Re: [PATCH 1/9] kernel: add a PF_FORCE_COMPAT flag

From: Al Viro
Date: Sun Sep 20 2020 - 14:08:06 EST

On Sun, Sep 20, 2020 at 04:15:10PM +0100, Matthew Wilcox wrote:
> On Fri, Sep 18, 2020 at 02:45:25PM +0200, Christoph Hellwig wrote:
> > Add a flag to force processing a syscall as a compat syscall. This is
> > required so that in_compat_syscall() works for I/O submitted by io_uring
> > helper threads on behalf of compat syscalls.
> Al doesn't like this much, but my suggestion is to introduce two new
> opcodes -- IORING_OP_READV32 and IORING_OP_WRITEV32. The compat code
> can translate IORING_OP_READV to IORING_OP_READV32 and then the core
> code can know what that user pointer is pointing to.

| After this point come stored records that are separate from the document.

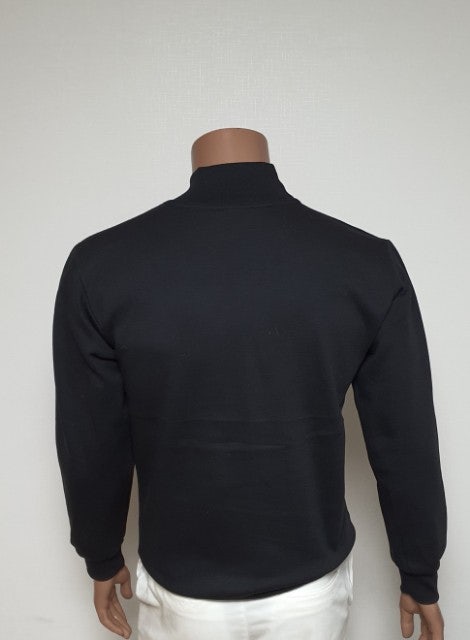 g_hcbUd018svcvka51bg7mp1n_2yoep7.jpg?type=e1920_std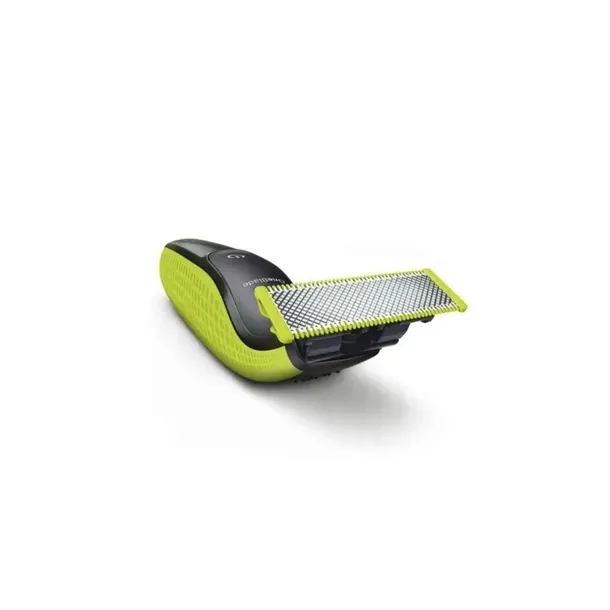 golarka-philips-360-blade-qp2724-23-stan-nowy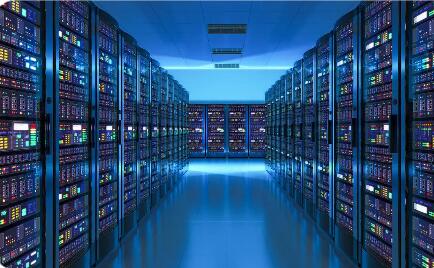 全球數(shù)據(jù)中心投資將首超原油供應投資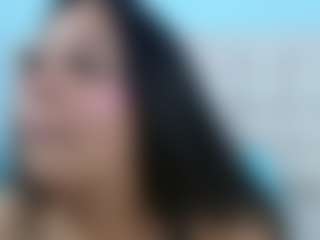 Agatah-Stars's Live Sex Cam Show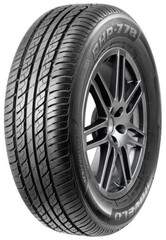 Шина Rovelo Rhp-778 175/65R14 82H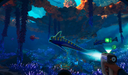 Создатель Subnautica 2 подал жалобу в суд на Krafton после возвращения в студию — теперь из-за выбора даты выхода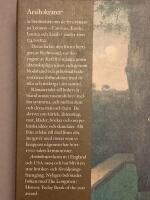 Aristokrater : Caroline, Emily, Louisa & Sarah Lennox : 1740-1832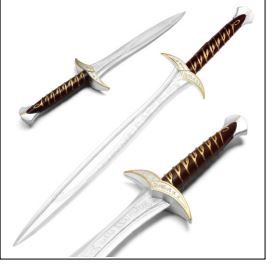 FOAM: STING  SWORD 28&quot;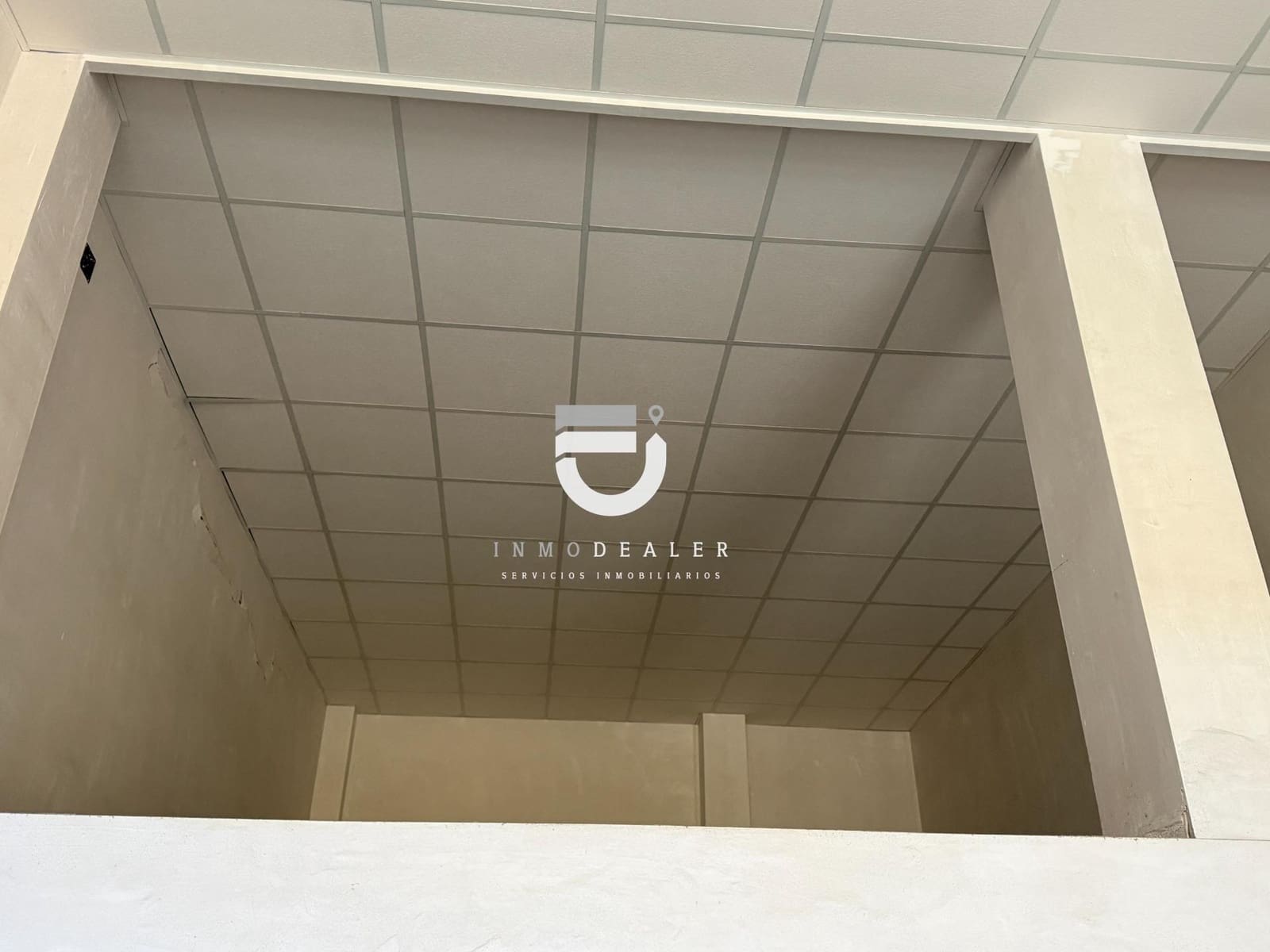 Local Commercial à vendre à Gandia - 72 000 € (Ref: 9450434)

Let's separate two issues:
1) compat syscalls want 32bit iovecs. Nothing to do with the
drivers, dealt with just fine.
2) a few drivers are really fucked in head. They use different
*DATA* layouts for reads/writes, depending upon the calling process.
IOW, if you fork/exec a 32bit binary and your stdin is one of those,
reads from stdin in parent and child will yield different data layouts.
On the same struct file.
That's what Christoph worries about (/dev/sg he'd mentioned is
one of those).

IMO we should simply have that dozen or so of pathological files
marked with FMODE_SHITTY_ABI; it's not about how they'd been opened -
it describes the userland ABI provided by those. And it's cast in stone.

Any in_compat_syscall() in ->read()/->write() instances is an ABI
bug, plain and simple. Some are unfixable for compatibility reasons, but
any new caller like that should be a big red flag.

How we import iovec array is none of the drivers' concern; we do
not need to mess with in_compat_syscall() reporting the matching value,
etc. for that. It's about the instances that want in_compat_syscall() to
decide between the 32bit and 64bit data layouts. And I believe that
we should simply have them marked as such and rejected by io_uring. With
any new occurences getting slapped down hard.

Current list of those turds:
/dev/sg (pointer-chasing, generally insane)
/sys/firmware/efi/vars/*/raw_var (fucked binary structure)
/sys/firmware/efi/vars/new_var (fucked binary structure)
/sys/firmware/efi/vars/del_var (fucked binary structure)
/dev/uhid (pointer-chasing for one obsolete command)
/dev/input/event* (timestamps)
/dev/uinput (timestamps)
/proc/bus/input/devices (fucked bitmap-to-text representation)
/sys/class/input/*/capabilities/* (fucked bitmap-to-text representation)